Veja – O senhor afirma que em 2050 será possível copiar um cérebro em uma máquina. Como?
Pearson – Já é possível fazer ligações simples entre máquinas e o sistema nervoso. Se um braço é amputado em um acidente de trabalho, por exemplo, pode-se obter uma prótese com alguns contatos entre os nervos restantes e componentes eletrônicos dessa prótese. Estamos nesse pé hoje, mas a tecnologia deve progredir dramaticamente nas próximas décadas. Será possível registrar e copiar sensações, como apertar a mão de alguém virtualmente e realmente sentir o aperto. Isso se tornará viável em 2020.

Veja – E depois?
Pearson – Depois conseguiremos ligações muito mais profundas com o sistema nervoso.
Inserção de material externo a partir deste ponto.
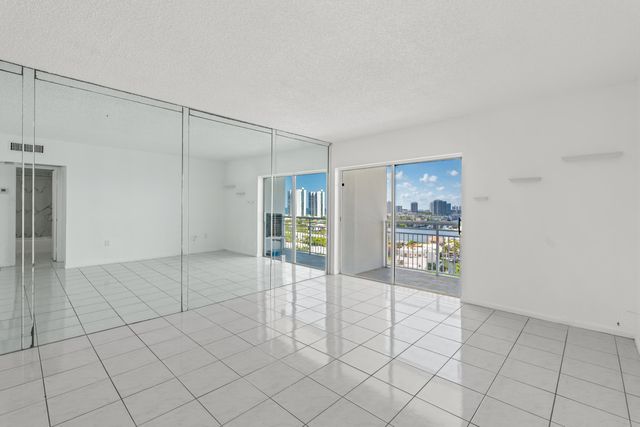 400 Kings Point Drive 1628, Sunny Isles Beach, FL 33160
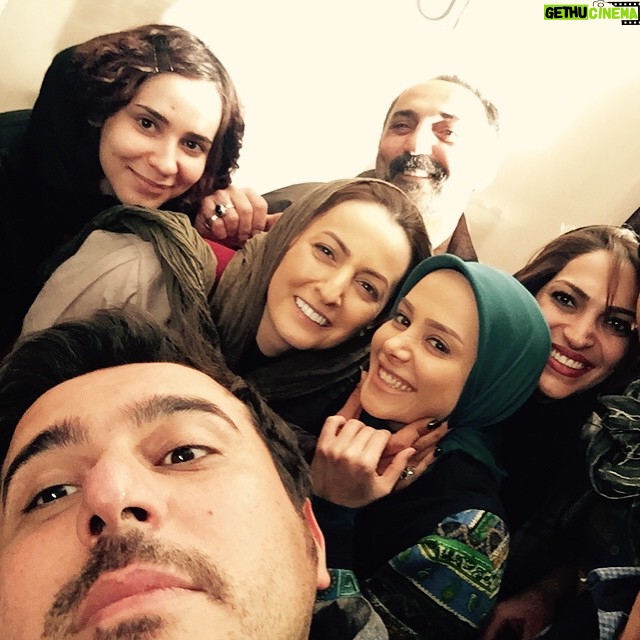 Elnaz Habibi Instagram - امشب تولد شقايق دهقان عزيز 🌹به همراه همكاران خوب محسن كيايى يه سلفى زوركى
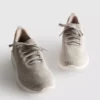 Diamanttiyksityiskohdilla varustetut slip-on-tennarit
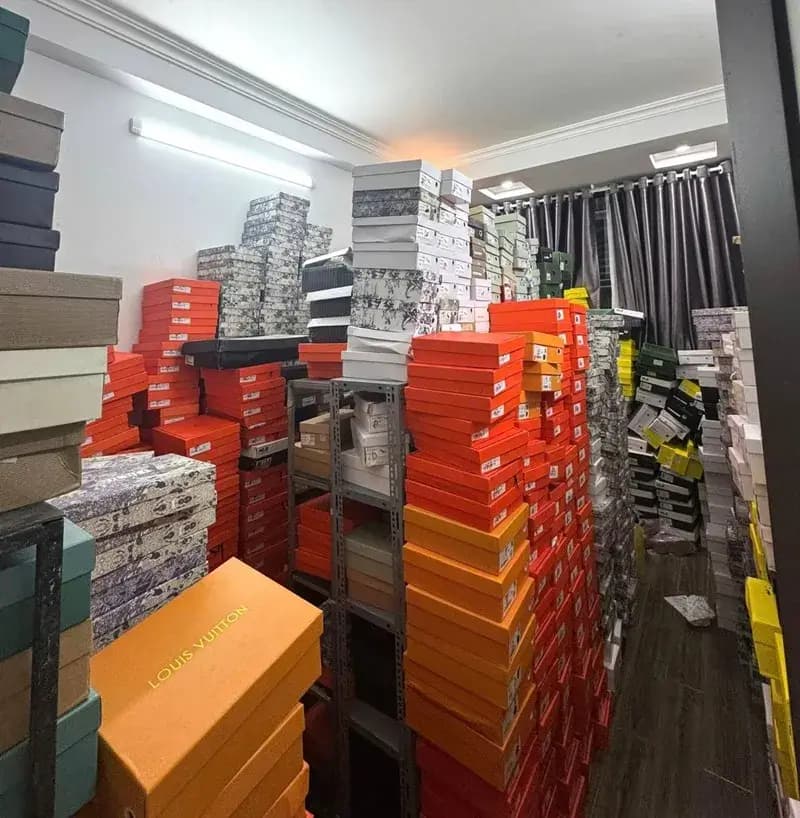 Việt Nam: Phát hiện gần 6.000 sản phẩm giày dép giả Hermes, Dior, Chanel
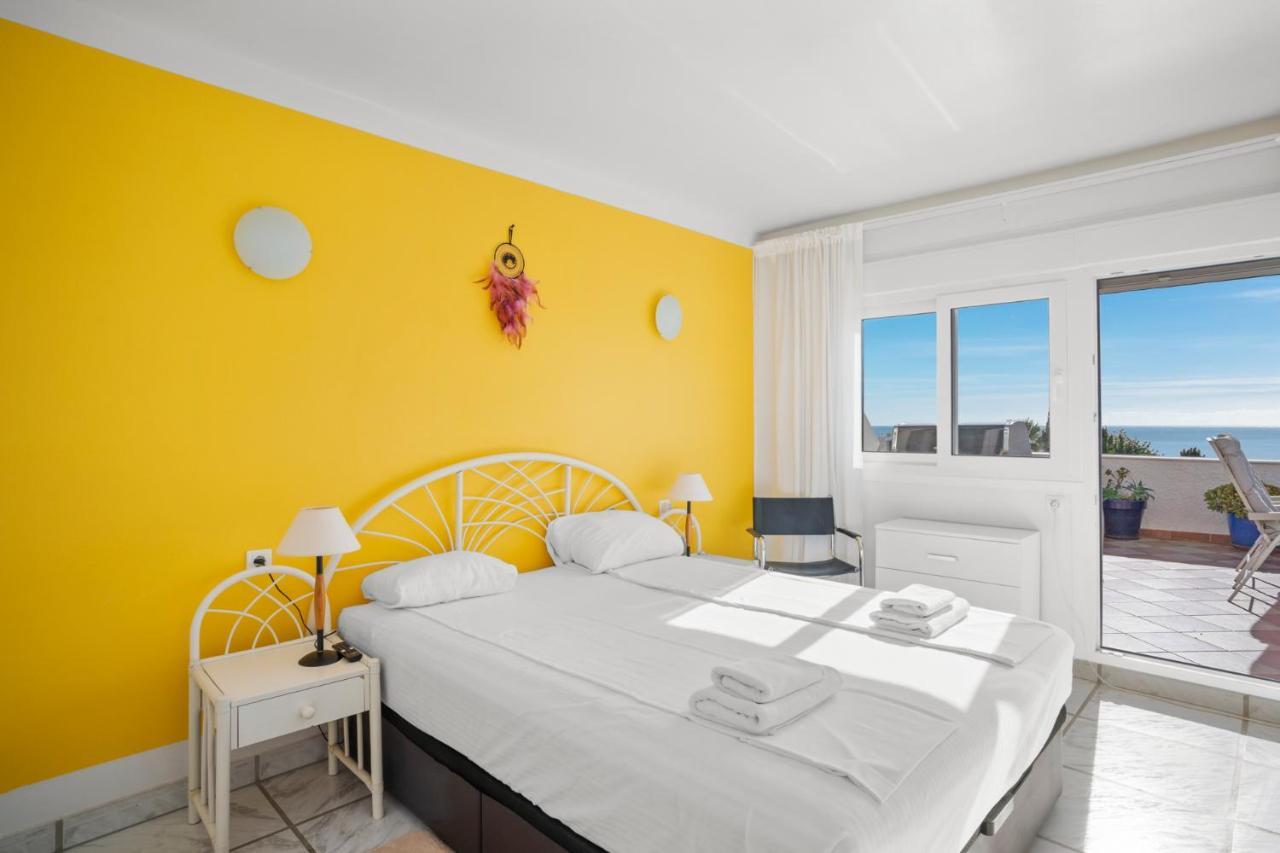Benalmadena Balcony Over The Sea By Costarentals - Ref 17 Apartamento *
Graças à nanotecnologia, aparelhos de tamanho infinitesimal poderão se conectar a cada neurônio do corpo e mapear a atividade elétrica. Será como um backup de seu cérebro em um computador. Você morrerá, mas pelo menos sua mente poderá seguir em frente. Dentro de cinqüenta anos, pelo menos os mais ricos terão acesso a uma espécie de "imortalidade eletrônica". Mais tarde, pode ser possível instalar esse cérebro em um andróide parecido com você e viver como se nada tivesse acontecido. Esse robô conterá músculos de gel orgânico, que terão sensações como os músculos de verdade.

Veja – O senhor também afirma que as máquinas superarão em breve a capacidade de processamento do cérebro humano. Isso não é perigoso?
Pearson – Elas vão alcançar os seres humanos, em termos de inteligência, entre 2015 e 2020. Mas acho que o homem não será tão estúpido a ponto de fazer máquinas com inteligência sobre-humana. Será encontrado um jeito de manter o ser humano no comando.
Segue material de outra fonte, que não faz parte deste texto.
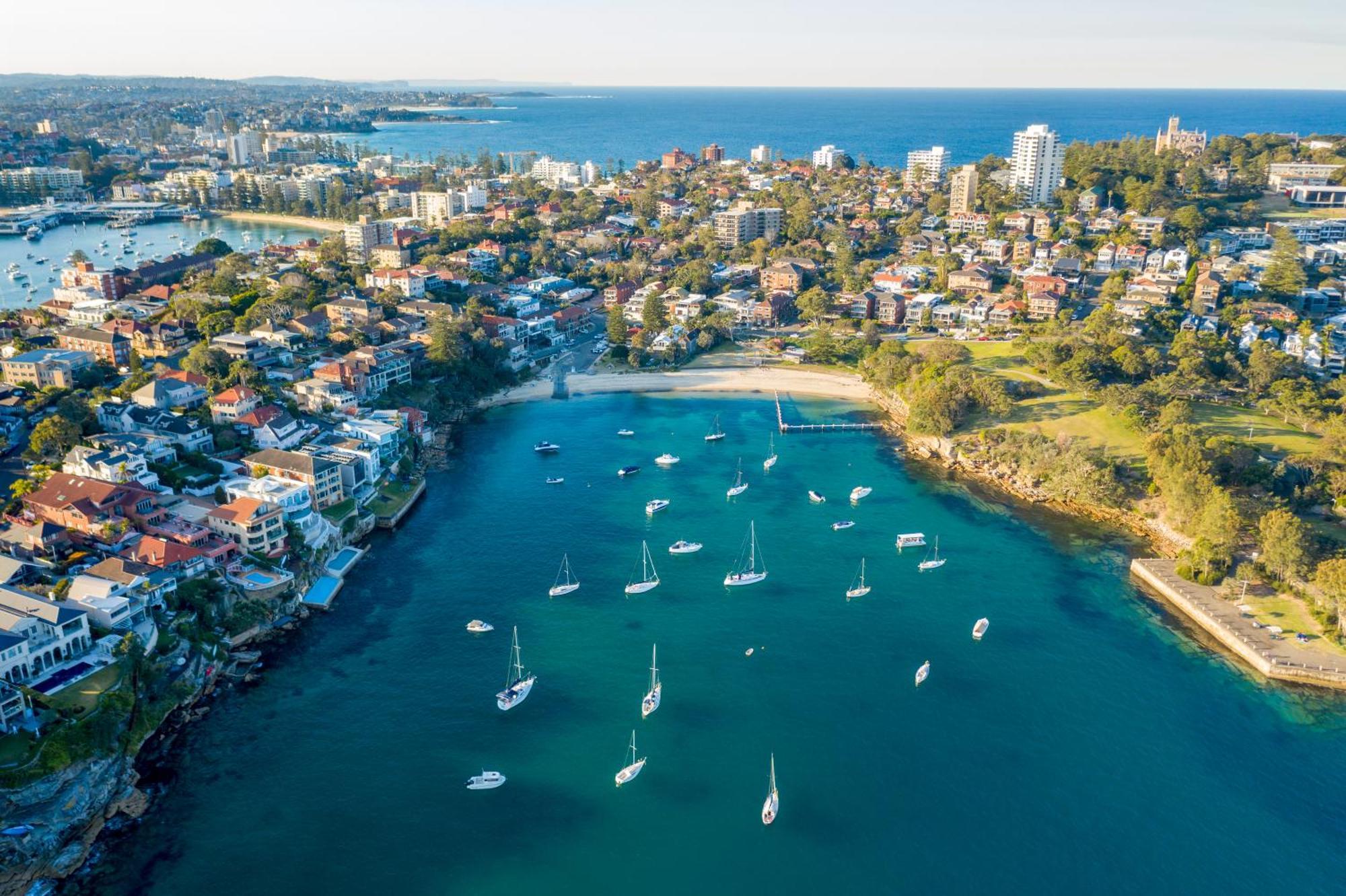 Quiet Little Manly 1 Bed - 3mins Walk Harbour & Beaches Apartment *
Veja – Isso significa que os computadores terão consciência?
Pearson – Sem dúvida. Há quem diga que é impossível definir o que é consciência. Mas não é preciso. Máquinas terão consciência tanto quanto nós, e talvez mais, qualquer que seja a definição. Elas terão mais percepção de si mesmas e do entorno e processarão informações mais rapidamente que eu ou você.

Veja – Isso não soa como um roteiro ruim de ficção científica?
Pearson – A ficção científica inquieta as pessoas. De fato, se você criar máquinas muito superiores e elas não gostarem da gente, acabarão vencendo. Mas podemos criar algumas salvaguardas. Isso se dará por uma ligação total entre o cérebro humano e o computador, por volta de 2040. Ela dará ao homem uma inteligência extra. Com isso, por mais esperta que seja a máquina, ela não levará vantagem sobre as pessoas, porque estas também serão mais inteligentes.

Veja – Como isso transformará o mundo do trabalho?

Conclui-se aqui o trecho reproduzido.